Fear can be debilitating. Facing our fears is not fun, at least at first.
The quality of your life will radically change depending on whether you’re willing to face your fears, and move through them — or not.
Let’s talk about one of the most common fears out there – the fear of public speaking.
Tina was a rising star in the company, so when she was asked to deliver an update at an important company meeting, her colleagues expected her to shine. Instead, she struggled in the spotlight. In fact, people from all over the office were whispering about Tina’s panic attack on stage.
“I felt so bad for her.”
“Her voice was cracking and we could barely understand her.”
In fact, Tina later told me that her physical reaction was so intense that it was all she could do to stand there and gulp for air. We agreed to work together to tackle her stage fright.
What is Stage Fright?
Stage fright is really just an overdose of adrenaline. Adrenaline is a natural hormone that courses throughout the body when you undergo some type of traumatic experience. That adrenaline rush is an intense feeling, and it has to be managed if you are going to be an effective speaker.
DANGER! DANGER! – RUN FOR YOUR LIFE!!
Of course, you know your life isn’t in danger when you speak in front of an audience, but it can feel that way. Tina and I came up with some strategies that really helped calm her mind and focus her energy prior to an important event. After our work together, she went on to deliver a great presentation to the same audience just one month later.
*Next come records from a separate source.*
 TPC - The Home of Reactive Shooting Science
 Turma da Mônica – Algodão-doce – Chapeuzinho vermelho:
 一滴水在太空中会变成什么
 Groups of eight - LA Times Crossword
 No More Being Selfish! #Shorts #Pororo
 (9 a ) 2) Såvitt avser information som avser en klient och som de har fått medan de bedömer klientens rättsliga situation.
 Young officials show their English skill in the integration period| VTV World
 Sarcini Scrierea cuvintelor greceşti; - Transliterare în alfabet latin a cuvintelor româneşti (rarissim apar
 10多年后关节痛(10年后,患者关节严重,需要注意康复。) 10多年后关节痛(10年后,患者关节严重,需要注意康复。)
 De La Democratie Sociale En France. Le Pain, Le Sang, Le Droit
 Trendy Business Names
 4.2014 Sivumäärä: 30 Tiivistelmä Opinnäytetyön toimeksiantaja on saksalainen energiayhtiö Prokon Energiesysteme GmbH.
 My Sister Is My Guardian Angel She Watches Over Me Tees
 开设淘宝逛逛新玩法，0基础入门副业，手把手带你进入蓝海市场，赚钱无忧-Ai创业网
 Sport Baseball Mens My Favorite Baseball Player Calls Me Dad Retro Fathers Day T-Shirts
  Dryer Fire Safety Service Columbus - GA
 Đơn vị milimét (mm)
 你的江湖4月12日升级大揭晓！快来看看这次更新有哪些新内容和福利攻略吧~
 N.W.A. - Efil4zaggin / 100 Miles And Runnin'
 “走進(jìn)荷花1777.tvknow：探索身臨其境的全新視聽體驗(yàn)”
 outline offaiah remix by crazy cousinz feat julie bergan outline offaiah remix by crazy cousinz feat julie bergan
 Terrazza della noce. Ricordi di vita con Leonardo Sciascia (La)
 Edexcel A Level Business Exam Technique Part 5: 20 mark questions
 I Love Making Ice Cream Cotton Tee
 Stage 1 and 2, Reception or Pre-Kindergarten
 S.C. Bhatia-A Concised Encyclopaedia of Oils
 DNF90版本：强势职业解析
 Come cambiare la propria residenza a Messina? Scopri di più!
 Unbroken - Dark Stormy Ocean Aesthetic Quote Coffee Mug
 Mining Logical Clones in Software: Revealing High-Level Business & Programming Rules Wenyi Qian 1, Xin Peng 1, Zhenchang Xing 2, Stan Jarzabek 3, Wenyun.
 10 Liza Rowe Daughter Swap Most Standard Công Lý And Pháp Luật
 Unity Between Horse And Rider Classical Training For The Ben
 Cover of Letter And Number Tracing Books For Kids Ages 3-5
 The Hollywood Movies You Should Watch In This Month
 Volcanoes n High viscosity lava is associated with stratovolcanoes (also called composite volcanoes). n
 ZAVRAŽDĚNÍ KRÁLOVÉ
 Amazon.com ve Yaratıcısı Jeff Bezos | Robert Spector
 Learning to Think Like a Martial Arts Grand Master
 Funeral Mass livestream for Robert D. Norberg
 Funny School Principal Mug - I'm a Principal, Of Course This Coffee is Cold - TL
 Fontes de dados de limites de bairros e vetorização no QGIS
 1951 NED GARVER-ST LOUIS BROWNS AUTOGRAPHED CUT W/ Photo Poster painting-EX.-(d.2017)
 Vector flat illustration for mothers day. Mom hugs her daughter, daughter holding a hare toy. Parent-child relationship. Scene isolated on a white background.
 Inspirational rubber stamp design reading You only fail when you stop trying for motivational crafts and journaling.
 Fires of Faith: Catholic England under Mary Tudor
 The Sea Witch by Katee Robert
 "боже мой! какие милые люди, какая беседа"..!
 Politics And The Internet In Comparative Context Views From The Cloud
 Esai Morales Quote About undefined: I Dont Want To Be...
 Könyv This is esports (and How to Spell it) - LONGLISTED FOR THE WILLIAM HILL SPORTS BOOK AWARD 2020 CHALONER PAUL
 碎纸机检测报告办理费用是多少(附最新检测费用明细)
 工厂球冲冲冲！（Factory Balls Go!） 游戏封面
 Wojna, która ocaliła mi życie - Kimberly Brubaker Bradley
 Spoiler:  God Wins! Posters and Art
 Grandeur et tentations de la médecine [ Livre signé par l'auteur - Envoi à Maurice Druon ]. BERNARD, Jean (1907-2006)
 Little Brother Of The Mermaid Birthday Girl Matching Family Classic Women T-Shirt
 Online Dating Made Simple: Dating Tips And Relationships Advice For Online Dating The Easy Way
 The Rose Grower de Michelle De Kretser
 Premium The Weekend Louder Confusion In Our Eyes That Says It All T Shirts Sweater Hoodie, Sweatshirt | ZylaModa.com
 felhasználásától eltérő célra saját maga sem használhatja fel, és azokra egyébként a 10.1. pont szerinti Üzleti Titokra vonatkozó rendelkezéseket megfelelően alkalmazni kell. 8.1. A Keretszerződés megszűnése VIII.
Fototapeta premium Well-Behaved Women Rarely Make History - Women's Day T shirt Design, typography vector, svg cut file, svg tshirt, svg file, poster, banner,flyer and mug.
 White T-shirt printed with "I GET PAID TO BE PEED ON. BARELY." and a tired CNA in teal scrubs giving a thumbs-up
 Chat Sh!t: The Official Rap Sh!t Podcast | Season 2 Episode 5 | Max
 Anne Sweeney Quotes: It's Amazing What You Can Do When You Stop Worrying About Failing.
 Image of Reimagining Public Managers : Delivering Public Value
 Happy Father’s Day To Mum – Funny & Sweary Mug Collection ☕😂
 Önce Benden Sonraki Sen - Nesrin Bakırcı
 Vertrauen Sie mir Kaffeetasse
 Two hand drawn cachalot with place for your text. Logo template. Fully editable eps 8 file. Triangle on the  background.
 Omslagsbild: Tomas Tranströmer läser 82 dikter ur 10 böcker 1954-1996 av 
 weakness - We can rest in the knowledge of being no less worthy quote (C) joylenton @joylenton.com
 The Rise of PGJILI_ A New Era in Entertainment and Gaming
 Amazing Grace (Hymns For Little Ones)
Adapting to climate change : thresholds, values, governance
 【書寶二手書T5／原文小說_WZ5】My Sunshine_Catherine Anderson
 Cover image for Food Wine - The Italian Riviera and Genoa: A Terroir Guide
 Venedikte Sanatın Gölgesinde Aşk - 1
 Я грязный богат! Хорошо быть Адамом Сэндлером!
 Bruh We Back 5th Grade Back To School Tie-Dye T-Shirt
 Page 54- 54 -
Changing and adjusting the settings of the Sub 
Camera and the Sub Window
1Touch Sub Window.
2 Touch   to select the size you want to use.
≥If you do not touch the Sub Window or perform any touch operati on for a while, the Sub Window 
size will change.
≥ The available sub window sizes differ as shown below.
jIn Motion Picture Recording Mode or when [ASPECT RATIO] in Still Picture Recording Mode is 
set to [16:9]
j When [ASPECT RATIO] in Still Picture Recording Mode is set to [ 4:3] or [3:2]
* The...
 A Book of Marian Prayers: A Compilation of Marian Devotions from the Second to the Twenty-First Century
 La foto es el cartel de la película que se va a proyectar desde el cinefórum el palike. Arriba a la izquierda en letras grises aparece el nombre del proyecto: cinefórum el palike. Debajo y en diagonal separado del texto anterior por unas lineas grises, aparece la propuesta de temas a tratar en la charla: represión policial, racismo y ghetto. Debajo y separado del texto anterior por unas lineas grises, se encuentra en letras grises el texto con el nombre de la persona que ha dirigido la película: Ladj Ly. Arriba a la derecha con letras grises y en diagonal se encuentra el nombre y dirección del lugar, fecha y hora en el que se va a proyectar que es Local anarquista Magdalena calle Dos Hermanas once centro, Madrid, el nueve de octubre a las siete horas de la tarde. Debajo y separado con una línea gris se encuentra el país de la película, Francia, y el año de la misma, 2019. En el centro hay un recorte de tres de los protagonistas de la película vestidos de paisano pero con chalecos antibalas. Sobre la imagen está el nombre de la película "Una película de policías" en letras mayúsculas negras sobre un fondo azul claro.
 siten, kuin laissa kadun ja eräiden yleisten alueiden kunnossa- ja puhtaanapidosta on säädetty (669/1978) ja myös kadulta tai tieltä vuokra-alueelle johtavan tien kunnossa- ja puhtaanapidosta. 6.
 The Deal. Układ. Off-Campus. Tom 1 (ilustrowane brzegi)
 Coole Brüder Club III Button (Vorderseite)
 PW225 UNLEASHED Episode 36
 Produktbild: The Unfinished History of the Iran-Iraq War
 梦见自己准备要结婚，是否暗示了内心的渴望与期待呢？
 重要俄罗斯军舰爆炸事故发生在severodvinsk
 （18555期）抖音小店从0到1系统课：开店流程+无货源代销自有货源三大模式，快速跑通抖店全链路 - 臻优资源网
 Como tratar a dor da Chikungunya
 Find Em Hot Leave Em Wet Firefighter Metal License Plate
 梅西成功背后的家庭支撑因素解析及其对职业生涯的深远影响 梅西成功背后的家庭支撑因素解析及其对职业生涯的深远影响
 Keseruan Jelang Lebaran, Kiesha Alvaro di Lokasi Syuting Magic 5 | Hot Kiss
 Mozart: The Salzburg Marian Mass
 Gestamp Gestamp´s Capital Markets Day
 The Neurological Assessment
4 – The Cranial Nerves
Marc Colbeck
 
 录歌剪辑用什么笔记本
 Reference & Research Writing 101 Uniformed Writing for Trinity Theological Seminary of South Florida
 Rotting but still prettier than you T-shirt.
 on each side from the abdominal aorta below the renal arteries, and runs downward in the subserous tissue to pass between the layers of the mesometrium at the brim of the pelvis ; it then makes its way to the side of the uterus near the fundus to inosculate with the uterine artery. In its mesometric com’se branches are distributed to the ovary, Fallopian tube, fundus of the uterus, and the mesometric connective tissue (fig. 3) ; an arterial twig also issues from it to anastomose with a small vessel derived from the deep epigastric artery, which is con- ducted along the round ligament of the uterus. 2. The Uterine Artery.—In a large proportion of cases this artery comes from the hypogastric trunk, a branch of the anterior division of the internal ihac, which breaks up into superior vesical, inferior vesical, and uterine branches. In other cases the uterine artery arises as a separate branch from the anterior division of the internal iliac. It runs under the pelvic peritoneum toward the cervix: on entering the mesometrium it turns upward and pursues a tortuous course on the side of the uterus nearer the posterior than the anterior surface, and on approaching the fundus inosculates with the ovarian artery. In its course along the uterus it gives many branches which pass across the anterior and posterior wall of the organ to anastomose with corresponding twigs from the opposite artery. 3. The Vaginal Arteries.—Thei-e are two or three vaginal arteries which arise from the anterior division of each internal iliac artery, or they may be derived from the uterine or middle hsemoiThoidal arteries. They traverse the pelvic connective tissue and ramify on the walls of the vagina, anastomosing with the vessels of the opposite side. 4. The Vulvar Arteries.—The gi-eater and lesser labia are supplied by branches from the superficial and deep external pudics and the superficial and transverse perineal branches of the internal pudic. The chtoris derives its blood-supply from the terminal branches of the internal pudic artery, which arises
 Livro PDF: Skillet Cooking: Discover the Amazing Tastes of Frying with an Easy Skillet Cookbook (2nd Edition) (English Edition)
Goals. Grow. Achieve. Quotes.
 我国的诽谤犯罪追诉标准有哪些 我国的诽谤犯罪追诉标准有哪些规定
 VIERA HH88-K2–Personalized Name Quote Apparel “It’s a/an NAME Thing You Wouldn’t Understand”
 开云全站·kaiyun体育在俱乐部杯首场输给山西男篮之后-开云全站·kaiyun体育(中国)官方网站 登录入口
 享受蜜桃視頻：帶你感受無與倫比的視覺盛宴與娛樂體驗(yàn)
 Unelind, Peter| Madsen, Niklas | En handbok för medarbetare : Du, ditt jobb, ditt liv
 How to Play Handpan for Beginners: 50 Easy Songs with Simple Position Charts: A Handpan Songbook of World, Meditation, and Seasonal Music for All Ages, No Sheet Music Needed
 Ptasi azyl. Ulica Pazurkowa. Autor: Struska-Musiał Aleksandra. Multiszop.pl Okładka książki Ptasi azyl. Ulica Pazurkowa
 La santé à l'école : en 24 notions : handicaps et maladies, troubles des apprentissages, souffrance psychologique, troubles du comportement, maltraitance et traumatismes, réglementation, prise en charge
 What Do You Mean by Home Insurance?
If you get nervous, here are 5 things you can do that REALLY help:
1) Use up excess energy before you get on stage – Backstage before a performance you will see actors doing jumping jacks, tensing their muscles and then letting go. Too much energy is no good, because our heart starts pounding in our hands start shaking! You’ve got to get rid of some of it by using your muscles.
2) Breathe deeply – You can slow down your heart rate with your breathing. Take a deep breath, hold it in for 5 seconds, and then let it out just as slowly. Do this several times to calm yourself down. It works! Breathing also supports your voice to help you sound confident.
3) Practice on stage or in front of the room – Don’t pretend to practice. Really practice full out. Take in the space, visualize the audience there, get yourself mentally in the game. Close your eyes and imagine receiving a standing ovation. Really take in that feeling. Deliver your presentation to a trusted friend. Saying the words out loud really helps.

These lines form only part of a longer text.